• _EXERCISE_: Exactly the lines from the one containing "ALO Yoga Cream Strappy Bra" through the one containing "体育生+Gay+白袜+自慰：当运动场遇上彩虹,汗水与欲望交织的青春秘密" in the listing below are to be copied, with the pictures left out.

• _RECORDS PROVIDED_:
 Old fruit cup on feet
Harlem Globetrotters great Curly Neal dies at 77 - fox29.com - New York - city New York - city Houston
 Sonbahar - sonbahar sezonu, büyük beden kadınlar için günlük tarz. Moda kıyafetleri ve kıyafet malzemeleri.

--

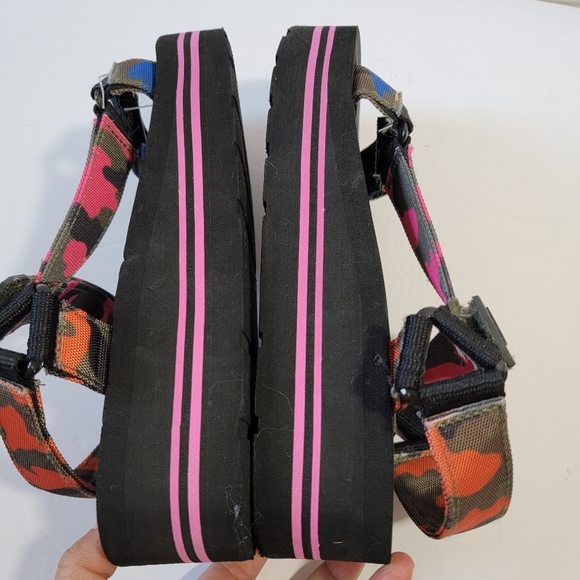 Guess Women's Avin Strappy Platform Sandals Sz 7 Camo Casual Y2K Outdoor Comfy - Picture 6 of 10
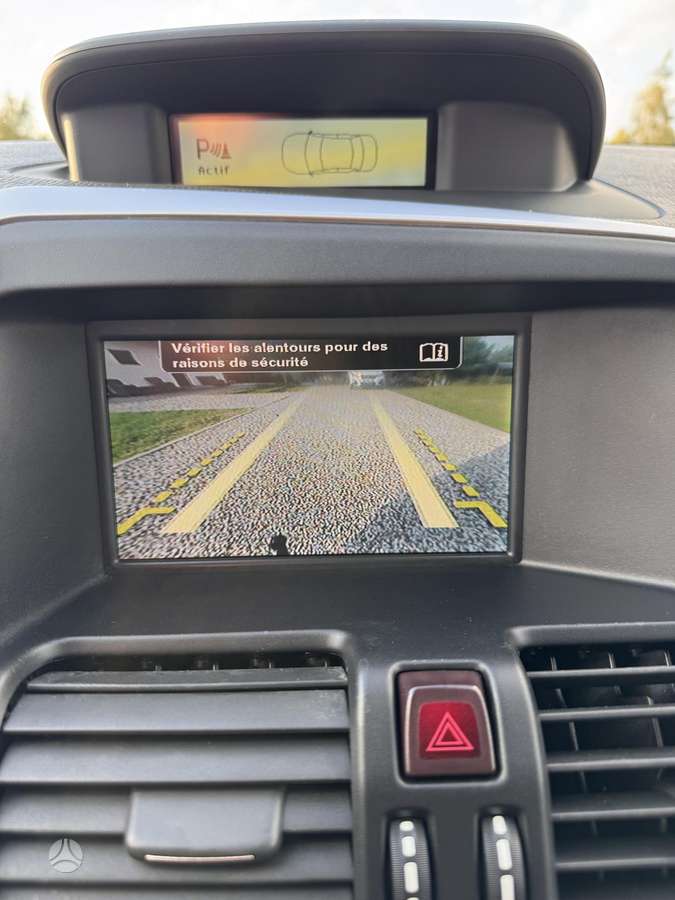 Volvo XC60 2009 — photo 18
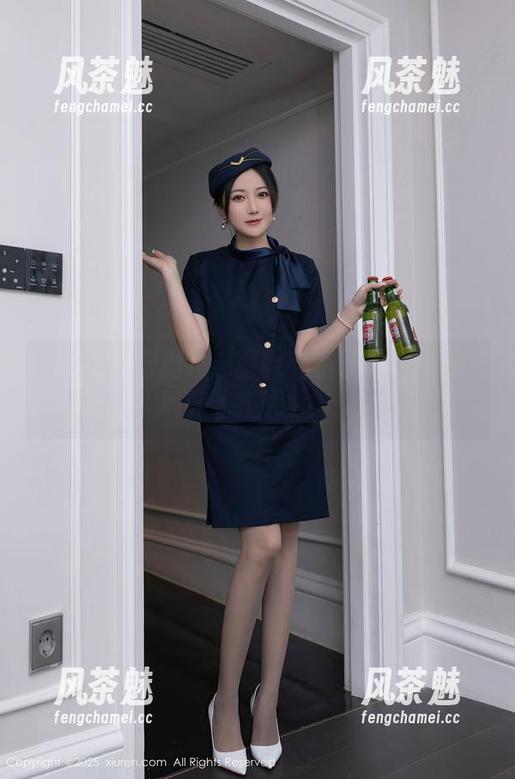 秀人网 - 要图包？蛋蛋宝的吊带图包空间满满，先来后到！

==

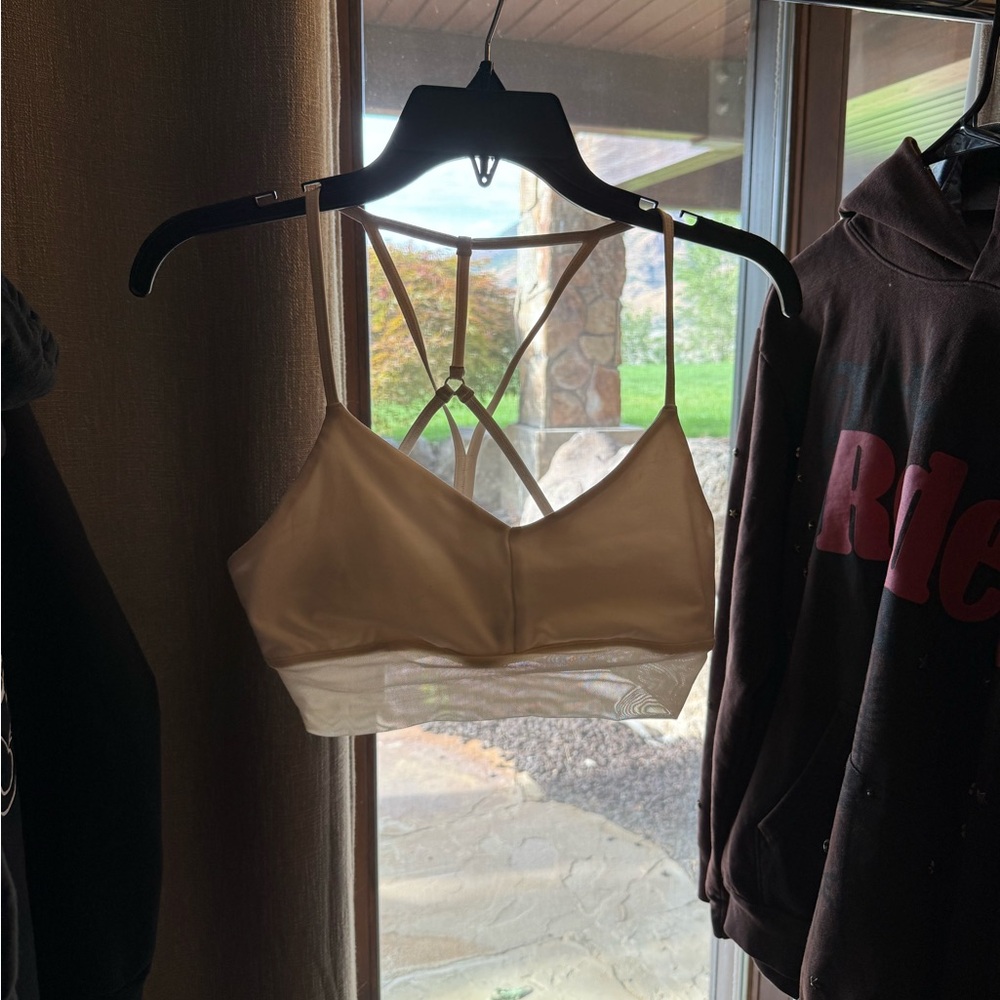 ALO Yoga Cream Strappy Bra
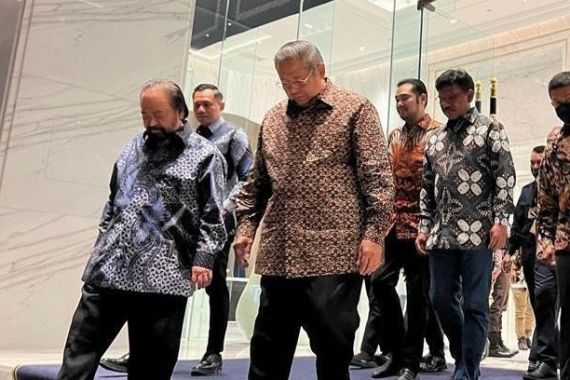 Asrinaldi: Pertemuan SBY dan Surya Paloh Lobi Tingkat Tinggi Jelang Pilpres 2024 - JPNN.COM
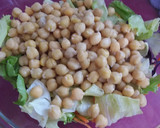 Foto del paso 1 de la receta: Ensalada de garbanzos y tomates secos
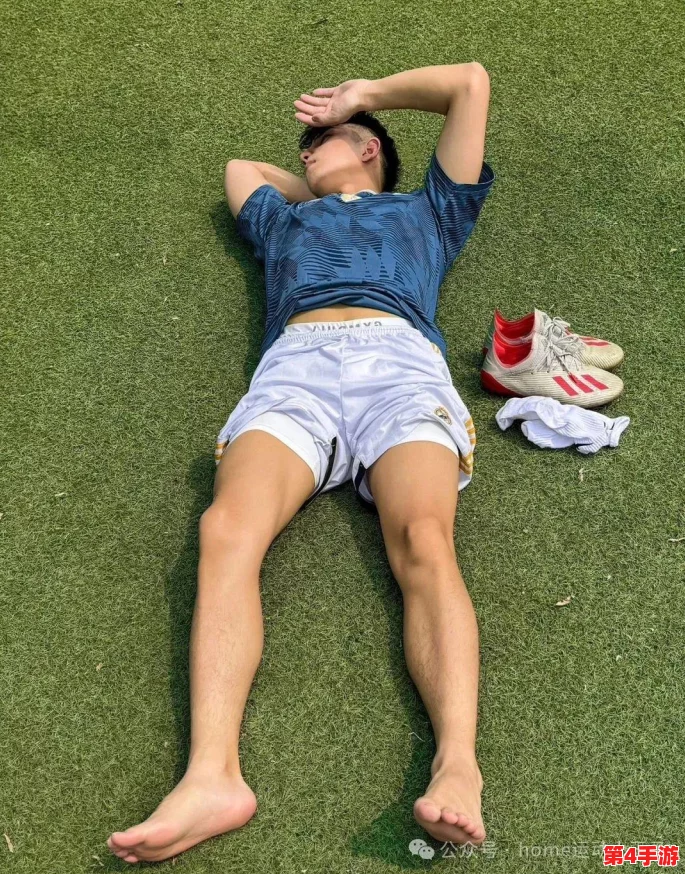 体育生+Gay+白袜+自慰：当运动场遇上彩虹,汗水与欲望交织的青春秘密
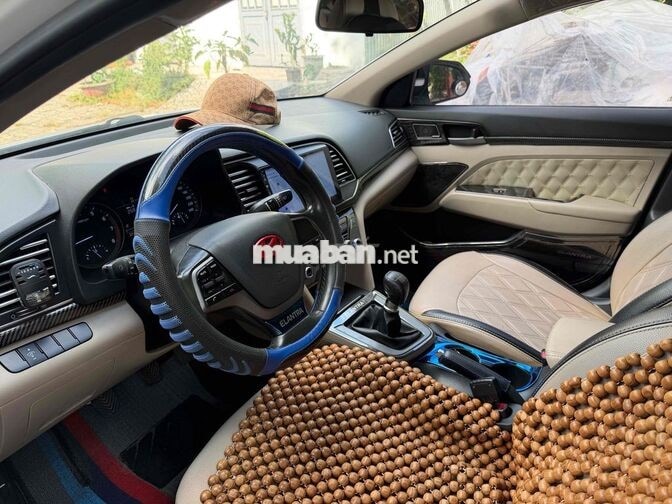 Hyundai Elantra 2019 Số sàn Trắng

• _EXERCISE RESPONSE_:
 ALO Yoga Cream Strappy Bra
 Asrinaldi: Pertemuan SBY dan Surya Paloh Lobi Tingkat Tinggi Jelang Pilpres 2024 - JPNN.COM
 Foto del paso 1 de la receta: Ensalada de garbanzos y tomates secos
 体育生+Gay+白袜+自慰：当运动场遇上彩虹,汗水与欲望交织的青春秘密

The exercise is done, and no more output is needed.